Нельзя замкнуть весь смысл жизни и на одно чувство любви. «Любовь – пышный, изящный цветок, венчающий и оканчивающий индивидуальную жизнь; но он, как все цветы, должен быть раскрыт одною стороной, лучшей стороной своей к небу – всеобщему… Монополию любви надобно подорвать вместе с прочими монополиями… Скажем прямо: человек не для того только существует, чтоб любиться; неужели вся цель мужчины – обладание такою-то женщиной, вся цель женщины – обладание таким-то мужчиною? – Никогда! Как неестественна такая жизнь, всего лучше доказывают герои почти всех романов».

Брак Дмитрия Круциферского с Любонькой трагически обречен, потому что их семейная жизнь обособилась от жизни всеобщей: «Они так мало делали требований на

внешнее, так много были довольны собою, так проникались взаимной симпатией, что их трудно было не принять за иностранцев» в провинциальном городке. Конечно, в замкнутом образе жизни, который ведут Круциферские, виновата отчасти бездуховная атмосфера городка. Но разве от этого оправдания героям легче? Не случайно Любовь Круциферская записывает в своем дневнике: «Мне сегодня пришло в голову, что самоотверженнейшая любовь – высочайший эгоизм… что кротость – страшная гордость, скрытая жесткость…» Вскоре жизнь подтвердит правоту этих слов. «Вот они, мои предчувствия!» – думает Круциферский. И он рвал волосы на голове, кусал губы, и вдруг в его душе, мягкой и нежной, открылась страшная возможность злобы, ненависти, зависти и потребность отомстить…»

Каково содержание любви Круциферской к Бельтову? Какие неудовлетворенные в семейной жизни с Дмитрием желания утоляет эта любовь? Круциферская пишет в своем дневнике: «Отчего у Дмитрия нет этой потребности добиваться до истины, мучиться мыслию? Я, бывало, обращаюсь к нему с тяжелым вопросом, с сомнением, а он меня успокаивает, утешает, хочет убаюкать, как делают с детьми… а мне совсем не того хотелось бы… он и себя убаюкивает теми же детскими верованиями, а я не могу». Ясно, что Круциферской хочется выйти за границы узкого семейного круга в сферу более широких общественных интересов.

Герцен-социалист убежден: основной источник современных семейных драм заключается в противоестественной замкнутости жизненных интересов женщины. Будущее царство социализма смягчит любовный драматизм выходом человека в общую жизнь.

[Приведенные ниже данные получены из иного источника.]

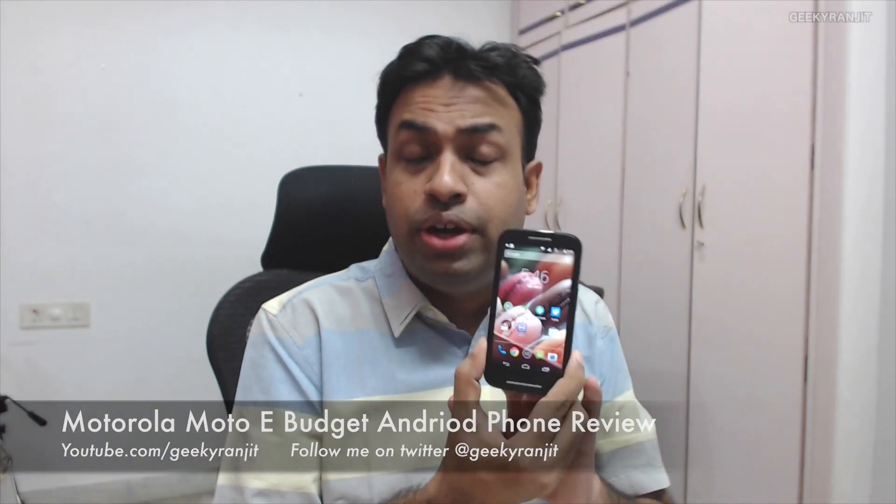Hi, this is Ranjit and in this video we'll be doing the full in-depth review of this affordable Android phone by Motorola known as the Moto E. I've been testing this device for the last 20 days, so let's get on with the in-depth review.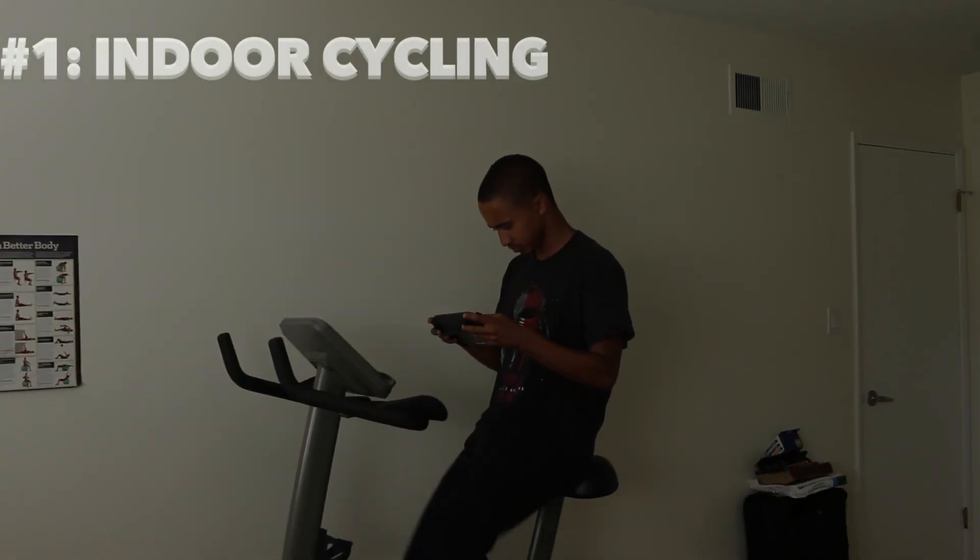Hello, everybody. It's DMC3, and I'm here to show you all the three isometric exercises you can do while gaming. First off is the indoor cycling.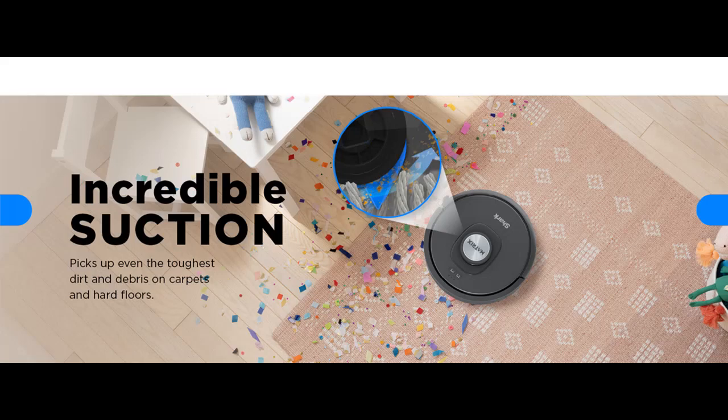Perfect for homes with pets — powerful vacuum suction and a self-cleaning brush roll help capture pet hair, dust, and dander.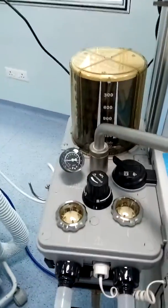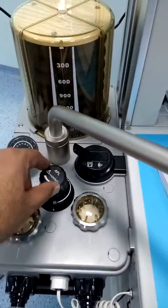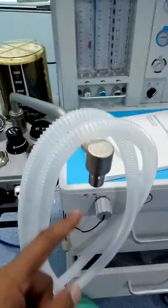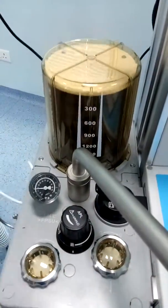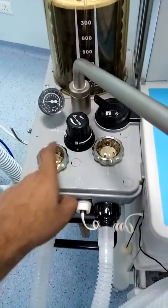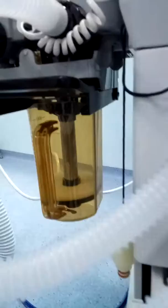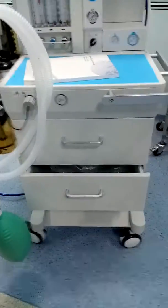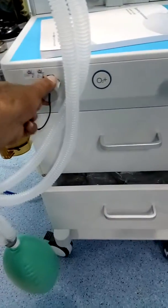This is the airway pressure meter, and this is the back-to-vent switch. This is the APL valve, and this is the bag arm. The machine is currently working in ventilator mode. You can see the inspiratory and expiratory valves, the O2 cell, and here you can see the soda lime canister.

Женщина приобщится к общим интересам, она не будет так односторонне привязана к семейству. У людей будущего любовь не поглотит собою гражданственности, искусства, науки. Люди внесут все одушевление, весь пламень любви и в эти широкие области, и, наоборот, широту и грандиозность этих миров они внесут в свою любовь. Люди будущего раскроют свою душу всему человеческому, научатся страдать и наслаждаться страданиями и наслаждениями современности, работать столько же для других, сколько и для себя. «Они разовьют свое эгоистическое сердце во всехскорбящее». И тогда любовная страсть потеряет свою дикую, судорожную сторону. По мере расширения человеческих интересов уменьшится сосредоточенность каждого на своей личности и смягчится в роде человеческом ядовитая жгучесть страстей.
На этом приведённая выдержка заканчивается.